To install TACO and run without creating an executable, run the following:
$ cd taco-<RELEASE> $ python setup.py buildThe TACO code and reference comparison script can be found in
<install_dir>/build/lib*/taco/
as taco_run.py
and taco_refcomp.py
. You must either run these scripts from the <install_dir>/build/lib*/taco/
directory:
$ cd build/lib*/taco $ python taco_run.py -h $ python taco_refcomp.py -hor add the build directory to your python path to call this script elsewhere:
$ export PYTHONPATH=<insatll_dir>/build/lib*/taco:$PYTHONPATH
Run TACO from the command line as follows (from either the downloaded platform-specific binary or building from the source code):
$ ./taco_run <options> <gtf_files.txt>
A detailed description of the parameters used to control TACO is below:
<gtf_files.txt>
This required input to TACO is a text file containing paths to files in the GTF 2.2 format, one per line, produced by an ab initio assembler.
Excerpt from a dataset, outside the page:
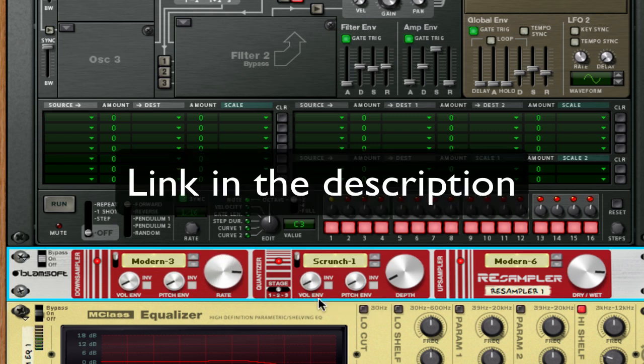So if you haven't bought the resampler yet, I highly advise that you look into it. It's one of the cheaper rack extensions, and it's definitely worth the price.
For example, the text file passed to TACO could look like this:
/path/to/my/assemblies/mcf7.gtf /path/to/my/assemblies/bt474.gtf /path/to/my/assemblies/hela.gtf
-h/--help
Prints the help message and exits
-v/--verbose
Enables detailed logging for debugging purposes
-p/--num-processes N
(default=1)
Run TACO in parallel mode with N processes
-o/--output-dir DIR
Directory where output files will be stored. This directory must not already exist.
--gtf-expr-attr ATTR
(default=FPKM)
GTF attribute field containing expression estimate. The default setting is
FPKM
for Cufflinks GTF input.
--filter-min-length N
(default 200bp)
Pre-filters input transfrags with length < N
prior to assembly. Set to 0
to disable this filter.
--filter-min-expr X
(default 0.5)
Pre-filters input transfrags with expression < X
. The units of the expression cutoff value X
correspond to the units specified by the gtf-expr-attr
parameter, which is FPKM
by default. Set
to 0.0
to disable this filter.
--isoform-frac FRAC
(default 0.05)
Report transcript isoforms with expression fraction >=FRAC
relative to the highest expressed gene. For each gene, the highest abundance isoform will be reported with a FRAC
of 1.0
.
TACO has several advanced options that can be used to configure specific aspects of its behavior, such as change point detection and splicing pattern network construction. These parameters have been chosen to optimize performance for human transcriptomes. We recommend that users leave these options at their default settings.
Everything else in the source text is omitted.